Bagging is an ensemble method used to reduce the variance of an estimator. Here the objective is to create several subsets of data from training sample chosen randomly with replacement. Each collection of subset data is used to train their decision trees. As a result, we get an ensemble of different models. Average of all the predictions from different trees are used which is more robust than a single decision tree classifier.

# Bagging Classifier


Bagging classifier is an ensemble meta-estimator that fits base classifiers each on random subsets of the original dataset and then aggregate their individual predictions (either by voting or by averaging) to form a final prediction. Such a meta-estimator can typically be used as a way to reduce the variance of a black-box estimator (e.g., a decision tree) by introducing randomization into its construction procedure and then making an ensemble out of it.

In [4]:
import pandas as pd
from sklearn.model_selection import train_test_split
from sklearn.feature_extraction.text import CountVectorizer
from sklearn.metrics import accuracy_score, precision_score, recall_score, f1_score


# Reading the dataset
df = pd.read_csv('smsspamcollection.txt',sep='\t',header=None,names=['label', 'sms_message'])

# labelling the values
df['label'] = df.label.map({'ham':0, 'spam':1})

# Splitting the dataset into training and testing data
X_train, X_test, y_train, y_test = train_test_split(df['sms_message'], 
                                                    df['label'], 
                                                    random_state=1)

# Instantiating the CountVectorizer method
count_vector = CountVectorizer()

# Fitting the training data and returning the matrix.
training_data = count_vector.fit_transform(X_train)
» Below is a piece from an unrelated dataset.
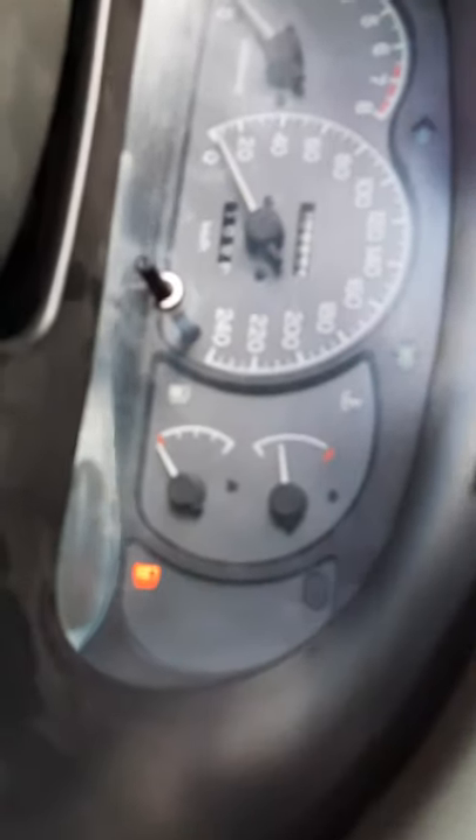As you can see here, the idle is stable and all the systems are working well, even the air conditioning system.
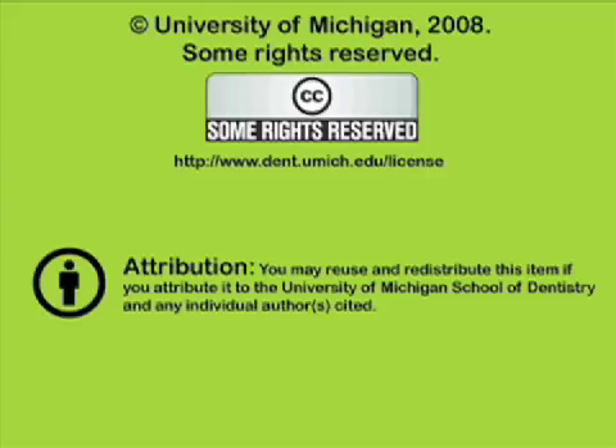You've been listening to a presentation from the University of Michigan School of Dentistry, which is dedicated to supporting open learning and open educational resources. This recording is licensed under the Creative Commons — it may be reused and redistributed for non-profit use. Please attribute materials to the University of Michigan School of Dentistry and redistribute under this same license. For more information, visit www.dent.umich.edu. Thank you for joining us.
# Transforming testing data and returning the matrix.
testing_data = count_vector.transform(X_test)

In [5]:
# Importing the Bagging Classifier
from sklearn.ensemble import BaggingClassifier

# Instantiating a BaggingClassifier with 210 weak learners.
bag_mod = BaggingClassifier(n_estimators=210)


# Fitting your BaggingClassifier to the training data
bag_mod.fit(training_data, y_train)


# Predicting using BaggingClassifier on the test data
bag_preds = bag_mod.predict(testing_data) 

In [6]:
# Scoring the model
print('Accuracy score: ', format(accuracy_score(y_test, bag_preds)))
print('Precision score: ', format(precision_score(y_test, bag_preds)))
print('Recall score: ', format(recall_score(y_test, bag_preds)))
print('F1 score: ', format(f1_score(y_test, bag_preds)))

Accuracy score:  0.9741564967695621
Precision score:  0.9116022099447514
Recall score:  0.8918918918918919
F1 score:  0.9016393442622951